[PATCH] D26232: [XRay][compiler-rt] XRay Buffer Queue

Wed Nov 16 17:32:59 PST 2016

dberris added inline comments.

================
Comment at: lib/xray/xray_buffer_queue.cc:32
+std::error_code BufferQueue::getBuffer(Buffer &Buf) {
+  if (Finalizing.load(std::memory_order_acquire))
+    return std::make_error_code(std::errc::state_not_recoverable);
----------------
rSerge wrote:
> dberris wrote:
> > rSerge wrote:
> > > Shouldn't this be checked inside the mutex lock?
> > Nope, `Finalizing` is atomic, and is already synchronised -- so we avoid locking the mutex when the BufferQueue is already finalizing.
> What if `finalize()` is called between `Finalizing.load(std::memory_order_acquire)` and `std::lock_guard<std::mutex> Guard(Mutex);` here? The description for this data structure claims that `getBuffer` requests must be denied after `finalize()` is called, but this doesn't happen in this scenario. To enforce that invariant, the finalization flag must be set and read with mutex locked, so the flag itself doesn't have to be atomic (because the mutex provides the necessary acquire/release semantics).
> What if finalize() is called between Finalizing.load(std::memory_order_acquire) and std::lock_guard<std::mutex> Guard(Mutex); here? The description for this data structure claims that getBuffer requests must be denied after finalize() is called, but this doesn't happen in this scenario.

But it does, right?

If one thread called `getBuffer(...)` just before another thread called `finalize()` then the ongoing `getBuffer(...)` should continue because `finalize()` had not technically been called yet when it started. We don't intend to make `finalize()` block on outstanding/ongoing `getBuffer(...)` calls (or the other way around).
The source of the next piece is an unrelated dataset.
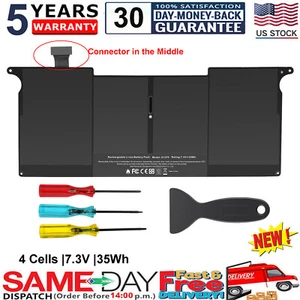For MacBook Air 11" A1370 Late 2010 EMC 23939 A1375 Battery 661-5736 020-6920-A - Picture 1 of 15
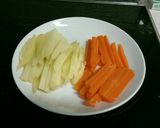 お酢でさっぱり野菜巻き作り方2写真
How do I make the documentation on the function clear about this?

> To enforce that invariant, the finalization flag must be set and read with mutex locked, so the flag itself doesn't have to be atomic (because the mutex provides the necessary acquire/release semantics).

On some platforms, operations on `std::mutex` may be implemented much more heavily compared to an atomic bool (hence the avoidance of locking the mutex in the first place). I'm actually thinking about whether a relaxed load is actually sufficient (at least in x86 it makes it faster) for the check, while using a release store on the `finalize()` side.

At this point I'm trying to avoid having to manually implement a wait-free or lock-free circular buffer, but maybe that's what this needs to end up becoming. ;)

Let me think about it a little more.

https://reviews.llvm.org/D26232